I spent 7 years helping to build one of the largest speaking bureaus in the country before leaving a couple years ago to launch an unrelated startup. Couple observations:

The business is dominated by celebrities. If you are an event planner often all you care about is getting people to show up-- so you'll pay $30k for a celebrity who is a lousy speaker over $5k for someone who is a real expert.

We made a real effort to develop some tech related speakers but it was difficult to do. It's not worth it for a large agency to book 1-2k engagements. More importantly, if you want to have a speaking career you have to be consistent in your pricing. You can't charge someone $5k for a speech and then give your next speech away for $500. Most tech speakers if you tell them they can't accept any dates less than $5k they really don't like that. Often what has gotten them recognition is giving away their content (both on the web and speaking) for free or nearly-free and so the shift is hard to make because in the short term they have to turn down free exposure.

Sadly most of the tech speakers making 10-20k are total wankers. You've probably never heard of them and they are mostly full of shit. They haven't done anything particularly remarkable but they have their pitch down and know how to sell it to bureaus and CEOs. I've seen people walk away with $15k for a one hour talk about how second life is the future of business accompanied by a walk through-- and the audience walks away with a big chubby. What a joke.


Fascinating parent and fascinating though depressing article.

I tried to help a would-be new age guru more up in that world and it's a strange freak-o-nomics situation.

Rich are the most desirable customers for any establishment that doesn't seat 60K people. The rich have more time than money, so they don't mind spending a lot of money for a positive experience. But the rich also don't have a lot of time to determine who's an actual good speaker or spiritual healer or whatever.

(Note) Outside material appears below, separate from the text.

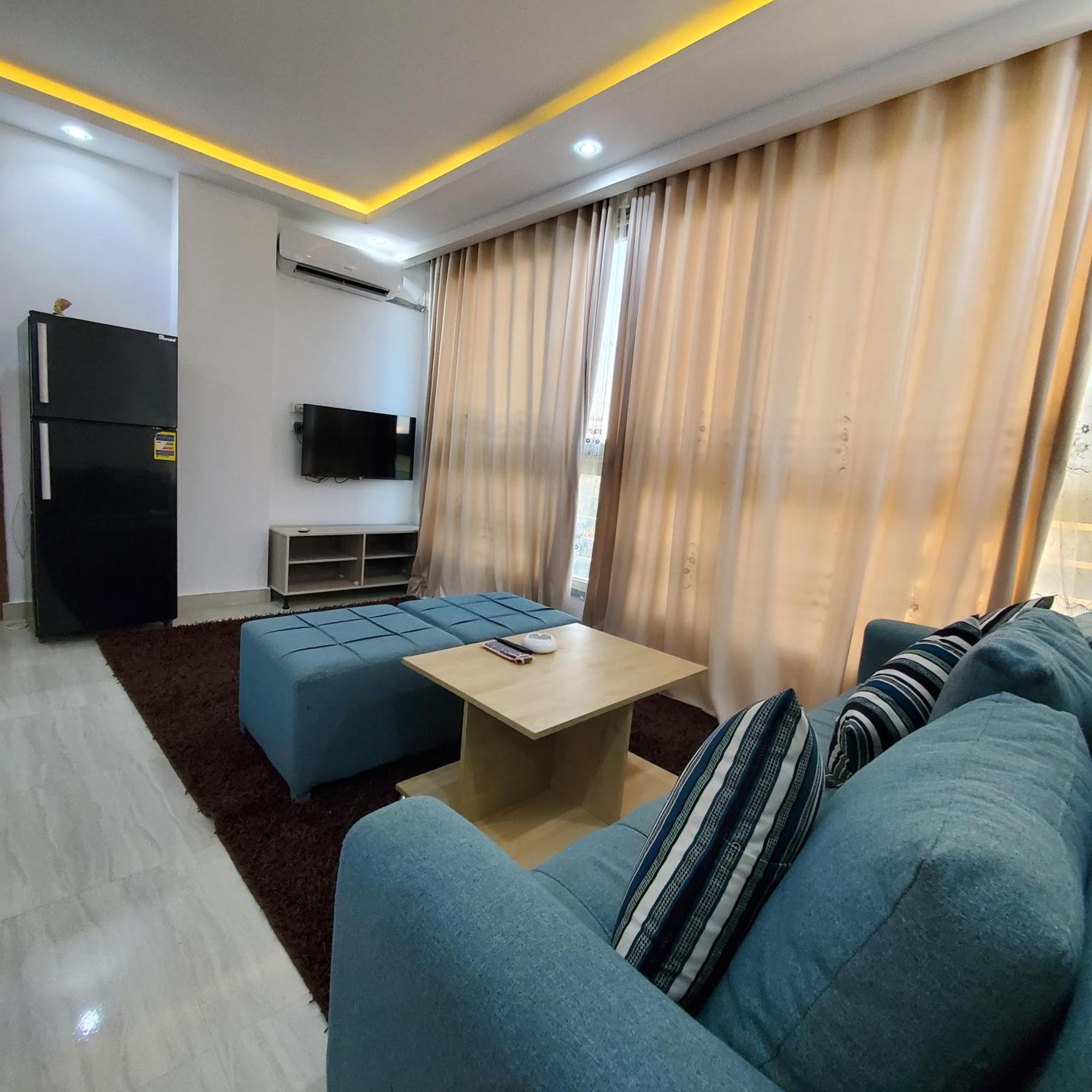Hrg Aqua Park - By Mamo Apartament *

So they instead go with those who are preselected. That's celebrities of some kind. Many celebrities still have poor skill levels, we can be sure. But they might be a bit better than non-celebrities. If the rich had the time to research the matter, they could find even better speakers but they won't spend extra time researching the question for the same reason they will pay $1000 - their time is worth more than their money.

It's paradoxical - there's lots of money to be if one can master these processes but virtually by definition only a few do so.


Why is this depressing?

This is how the world works right now. If your an entrepreneur you should want to make it better and earn a living (or a 100 livelihoods) from this situation.

I've seen lots of businesses which focus on allowing the rich to make better use of their time. 1. A service which looks for all the new restraunts in NYC and gets each user a booking to such openings. 2. Social network for high networth individuals. 3. A "linkedin" for CEOs and COOs. (A friend works for one of these and he makes a ton of money just as a salesperson).

I personally dont think I could be passionate about such a business but I've seen that people who have the means to pay usually are more likely to pay (at least Americans are).


I do talks for schools and various other organisations such as the Royal Institution, the Royal Society, the Further Maths Support Program, and others. The groups for whom I speak have very, very small budgets, and there's no chance of commanding fees like this.

I do it because I think it's important.

I take time unpaid leave from work, and I use my vacation time. I get my expenses covered, and a moderate fee, ranging from ukp50 (about usd80) to ukp400 (about usd650) per talk. And I do between 90 and 100 talks a year.

I'd love to make my living doing this, but 100 talks, to earn ukp40k, usd64k, I'd have to charge usd650 plus expenses for every talk. Schools can't afford that.

I'm not claiming to be a great speaker, although I'm over-subscribed, and described as one of the UKs leading speakers on math and science, but schools can't afford to support me. 100 talks a year is a real grind.

20 talks a year is genuinely sustainable, given that after a short time you'd have to change what you talk about. There's a lot of work goes into a really good talk. If you're charging lots, you are ethically required to put in the work to give a good talk. At 20 talks a year, to make, say, usd 100k you need to charge usd5k.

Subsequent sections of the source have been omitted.